At last, the angels are coherent. I can’t begin to tell how antsy I’ve been with excitement, running around like longtime believer about to receive communion after 37 years. At last we can accurately intimate Brian’s vision of America, humour and the loss of innocence. The whole picture is here.

Musically, thematic/continuity, arrangement-wise, Smile shits all over Sgt Pepper’s. There’s so much more detail here — vocal/structural colour, amazing instrumentation and variety from banjos to harmonicas, horns. The tension of ascending & descending melodic lines. The continuity of musical theme: Heroes & Villains, Child is Father, Wind Chimes. The backing vox don’t sound as full as the Beach Boys’ — the unique character of the voices is somewhat absent — methinks the mix is to blame for this. The songs are all so damned familiar now, I want to hear the original identities as on the Box set versions. Sadly. I prefer the warm mellow browns and greens of the analogue masters, not the crisp digital mix which certainly lacks fullness. Brian’s voice is notably less expressive and sad-intimating than before, more clipped in range, and Carl is sorely missed in the lead role.

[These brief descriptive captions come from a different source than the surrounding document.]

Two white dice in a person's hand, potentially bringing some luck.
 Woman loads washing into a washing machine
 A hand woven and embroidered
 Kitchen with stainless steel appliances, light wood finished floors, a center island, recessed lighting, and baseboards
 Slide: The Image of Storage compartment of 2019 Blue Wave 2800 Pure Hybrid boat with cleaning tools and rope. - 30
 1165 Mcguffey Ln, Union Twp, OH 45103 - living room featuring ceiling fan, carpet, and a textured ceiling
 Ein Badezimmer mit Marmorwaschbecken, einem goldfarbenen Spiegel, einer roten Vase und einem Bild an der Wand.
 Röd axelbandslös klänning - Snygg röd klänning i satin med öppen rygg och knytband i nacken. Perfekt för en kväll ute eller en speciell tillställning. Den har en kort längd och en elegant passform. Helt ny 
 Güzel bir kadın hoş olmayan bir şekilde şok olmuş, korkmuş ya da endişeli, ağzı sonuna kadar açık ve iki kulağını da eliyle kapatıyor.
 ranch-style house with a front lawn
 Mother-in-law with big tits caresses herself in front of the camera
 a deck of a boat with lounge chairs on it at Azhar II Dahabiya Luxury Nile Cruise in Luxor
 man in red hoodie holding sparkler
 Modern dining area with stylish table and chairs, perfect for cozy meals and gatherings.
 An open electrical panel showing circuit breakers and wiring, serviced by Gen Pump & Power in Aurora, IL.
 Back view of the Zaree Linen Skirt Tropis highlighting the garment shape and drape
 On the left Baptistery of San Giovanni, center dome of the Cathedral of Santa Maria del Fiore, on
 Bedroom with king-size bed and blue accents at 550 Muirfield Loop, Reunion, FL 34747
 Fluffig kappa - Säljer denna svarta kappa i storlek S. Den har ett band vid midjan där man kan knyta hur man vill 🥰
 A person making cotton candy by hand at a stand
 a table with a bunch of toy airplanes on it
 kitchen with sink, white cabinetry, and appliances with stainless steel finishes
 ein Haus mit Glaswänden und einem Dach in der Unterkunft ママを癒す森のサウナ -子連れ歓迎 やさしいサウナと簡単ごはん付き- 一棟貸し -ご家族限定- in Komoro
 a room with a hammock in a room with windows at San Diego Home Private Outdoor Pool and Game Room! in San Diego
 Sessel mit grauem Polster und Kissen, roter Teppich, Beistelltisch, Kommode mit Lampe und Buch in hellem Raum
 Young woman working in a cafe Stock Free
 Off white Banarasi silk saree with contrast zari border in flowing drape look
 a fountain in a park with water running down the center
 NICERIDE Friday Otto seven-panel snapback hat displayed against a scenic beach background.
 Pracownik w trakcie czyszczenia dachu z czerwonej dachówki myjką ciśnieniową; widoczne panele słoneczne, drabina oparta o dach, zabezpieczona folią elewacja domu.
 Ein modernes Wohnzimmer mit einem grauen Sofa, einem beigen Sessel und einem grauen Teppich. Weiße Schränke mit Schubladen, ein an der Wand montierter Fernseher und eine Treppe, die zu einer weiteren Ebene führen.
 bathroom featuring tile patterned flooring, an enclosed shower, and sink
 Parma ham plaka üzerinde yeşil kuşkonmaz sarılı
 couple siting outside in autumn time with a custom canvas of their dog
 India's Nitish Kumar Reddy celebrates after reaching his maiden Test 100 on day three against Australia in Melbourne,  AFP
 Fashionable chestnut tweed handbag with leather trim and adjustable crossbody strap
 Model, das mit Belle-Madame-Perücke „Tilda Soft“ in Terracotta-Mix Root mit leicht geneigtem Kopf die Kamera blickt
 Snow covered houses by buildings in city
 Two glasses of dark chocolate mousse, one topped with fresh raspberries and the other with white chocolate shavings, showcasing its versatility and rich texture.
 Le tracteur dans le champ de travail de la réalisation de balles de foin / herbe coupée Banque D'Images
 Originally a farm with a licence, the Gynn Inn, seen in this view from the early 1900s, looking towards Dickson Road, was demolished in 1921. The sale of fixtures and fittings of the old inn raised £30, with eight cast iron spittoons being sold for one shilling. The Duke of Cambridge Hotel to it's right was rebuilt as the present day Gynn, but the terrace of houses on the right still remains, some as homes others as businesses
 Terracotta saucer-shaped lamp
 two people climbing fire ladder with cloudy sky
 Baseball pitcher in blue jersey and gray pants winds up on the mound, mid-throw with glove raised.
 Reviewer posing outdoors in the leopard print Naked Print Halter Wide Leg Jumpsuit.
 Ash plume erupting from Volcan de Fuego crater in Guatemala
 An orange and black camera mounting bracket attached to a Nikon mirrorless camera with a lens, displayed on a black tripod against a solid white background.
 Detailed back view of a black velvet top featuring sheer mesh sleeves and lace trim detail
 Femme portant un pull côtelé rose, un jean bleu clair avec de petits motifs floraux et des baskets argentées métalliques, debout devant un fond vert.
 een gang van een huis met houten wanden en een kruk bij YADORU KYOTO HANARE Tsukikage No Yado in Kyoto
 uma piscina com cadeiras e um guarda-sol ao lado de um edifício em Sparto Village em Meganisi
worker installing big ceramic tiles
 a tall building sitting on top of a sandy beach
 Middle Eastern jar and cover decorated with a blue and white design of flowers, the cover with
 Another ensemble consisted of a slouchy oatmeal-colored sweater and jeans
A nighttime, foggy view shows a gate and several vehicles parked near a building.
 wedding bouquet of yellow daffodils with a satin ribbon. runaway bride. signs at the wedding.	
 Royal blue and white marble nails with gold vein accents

But the loss of innocence suite (it’s divided into three sections) with Surf’s Up and the Child songs, is superb, moving, sculpted, complex. Beautiful strings. Amazing vocals. It starts with Child is Father of the Son, the search, the choppy child-child-child, then lullaby guitars and echo chamber riffs, ‘It’s enough to believe…’, and at the coda to Surf’s Up, with innocence broken and collapsed, it becomes Child is the Father of the Man, their song is love etc. I still think it a noble, rich idea/sentiment, especially now we have the complete poetic picture and development. I still have my first impression of the song in my head, of Brian at the piano for that TV special, singing, I thought, in a way that pushed his songwriting drive and melody to the expressive maximum, singing for his life (or his mind, as the case may be). Superlative. Mature.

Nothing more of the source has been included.